3. Normative Political Theory
Broadly conceived, “Normative Political Theory” refers to political theories that are informed by and geared toward political problems: their explication and redress. Under this umbrella, we welcome proposals from all corners of political theory consistent with this year’s conference theme of “Categories and the Politics of Global Inequalities.”
Which theoretical methodologies help us to understand the concept of political inequality in a global sense? How might we theorize the relationships among national, transnational, and international frameworks of political analysis? What role do categories play in and among these frameworks? How do various categories contribute to political inequalities, and what potential do categories hold for the easing of such inequity? How should we envision the relationships between law and politics, between politics and morality, and between individuals and groups under the rubric of the global?

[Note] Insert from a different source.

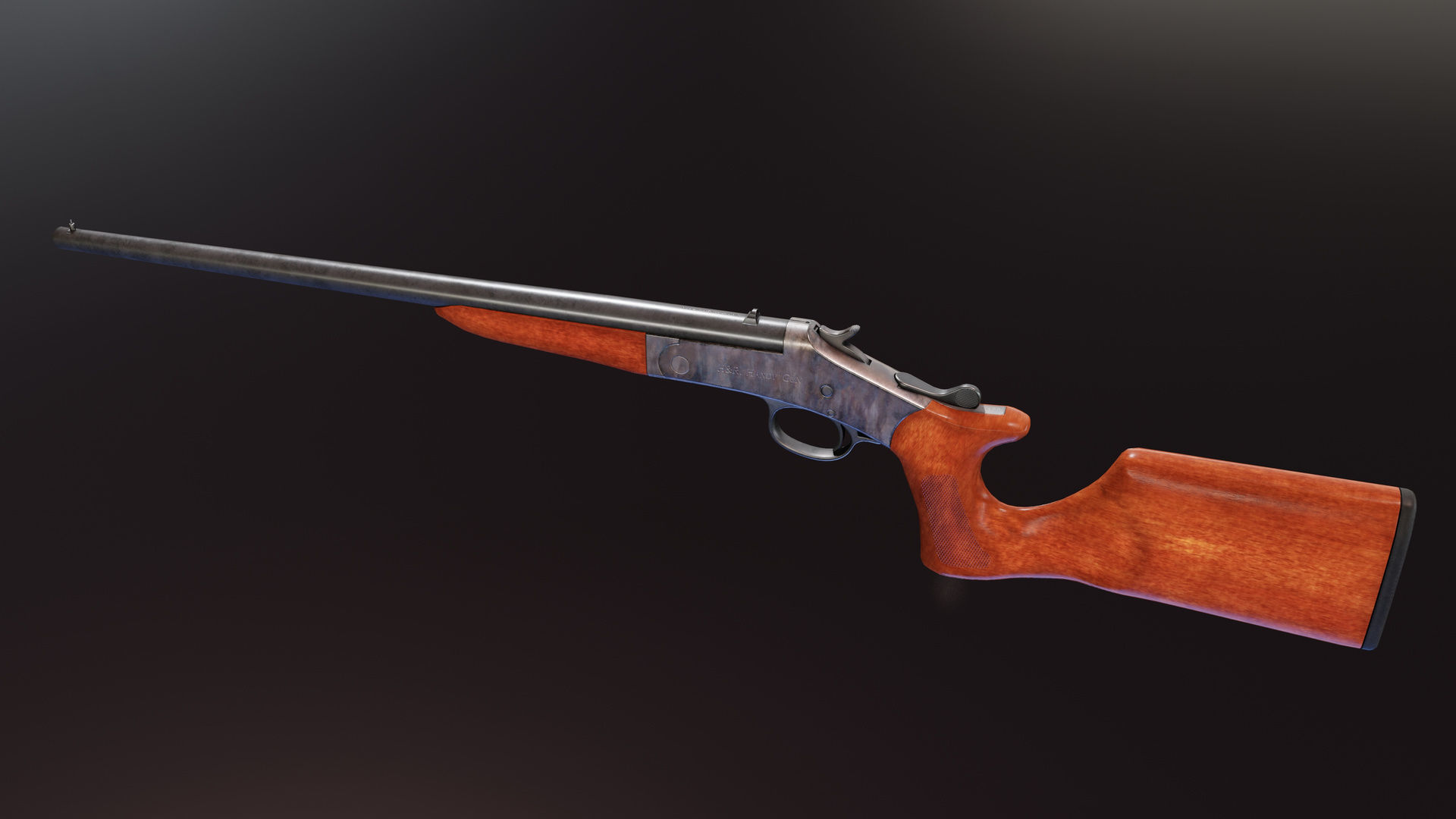Harrington and Richardson Handy Gun Low-poly 3D model_3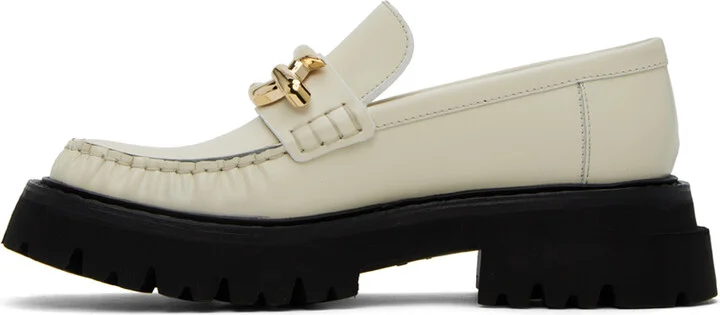 Ferragamo Off-White Ingrid Loafers - Image 3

We especially encourage proposals that meld empirical evidence with novel and experimental theoretical approaches that challenge us to rethink our understanding of past and existing political problems, and to anticipate and develop practical strategies for tomorrow. We invite interdisciplinary theoretical work on these themes, and individual and panel proposals from scholars, activists, and practitioners.
We recognize that the subdivision of Political Theory into the three categories of “Political Thought and Philosophy,” “Foundations of Political Theory” and “Normative Political Theory” poses some categorical difficulties of its own. We expect there to be some overlap among these divisions, and will work together with the other political theory division chairs to achieve a well-balanced and inclusive political theory panel line-up.